Blue Mound Golf & Country Club
- 43°04′03″N 88°02′28″W﻿ / ﻿43.0675°N 88.041°W

Club information
- Location: Wauwatosa, Wisconsin, U.S.
- Elevation: 700 feet (215 m)
- Established: 1926; 100 years ago
- Type: Private
- Total holes: 18
- Website: bluemoundgcc.com
- Designed by: Seth Raynor
- Par: 70
- Length: 6,672 yards (6,101 m)
- Course rating: 72.0
- Slope rating: 131

= Blue Mound Golf & Country Club =

Country club in Wauwatosa, Wisconsin

Blue Mound Golf & Country Club is a country club in the north central United States, located in Wauwatosa, Wisconsin, a suburb west of Milwaukee. The golf course was designed by Seth Raynor.

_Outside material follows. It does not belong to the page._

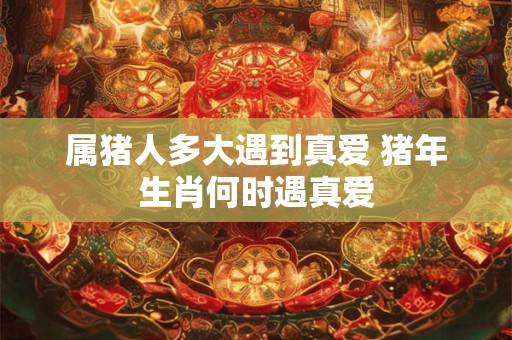 属猪人多大遇到真爱 猪年生肖何时遇真爱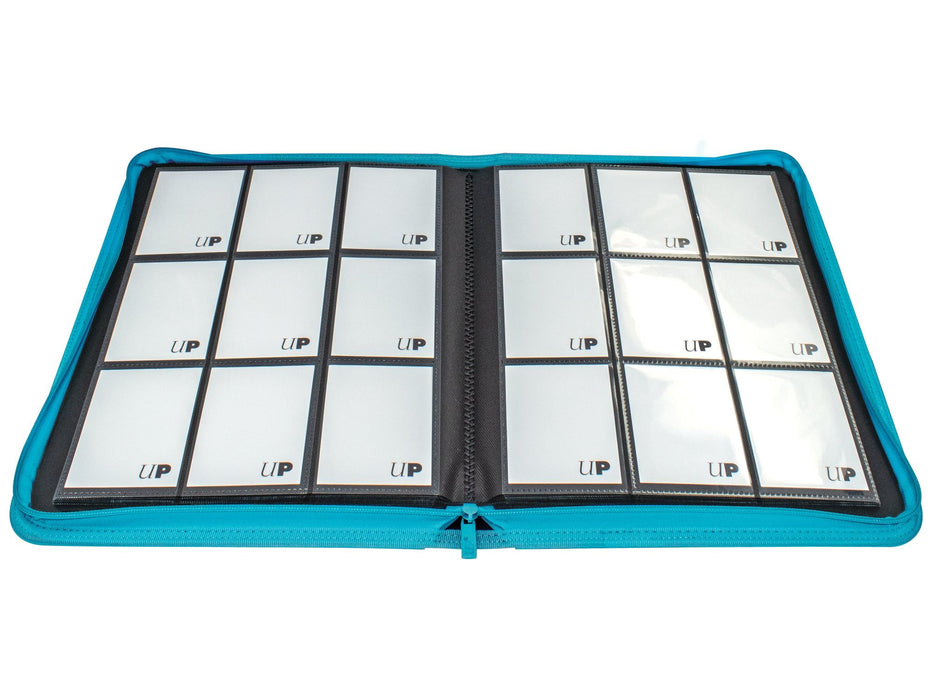 Supplies Ultra Pro - 9 Pocket Zip Binder Pro - Vivid - Light Blue - Cardboard Memories Inc.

The club hosted the PGA Championship in 1933, the Western Open in 1916, and the Women's Western Open in 1940, where Babe Zaharias defeated Mrs. Russell Mann in the 36-hole final of match play, 5 and 4. In the late 1990s, the course was restored by Tom Doak's Renaissance Design under the supervision of architect Bruce Hepner.

Blue Mound hosted the 2010 Western Junior, won by Patrick Rogers. It was also the second course for the first two rounds of the U.S. Amateur in 2011; the primary venue was Erin Hills, site of the U.S. Open in 2017.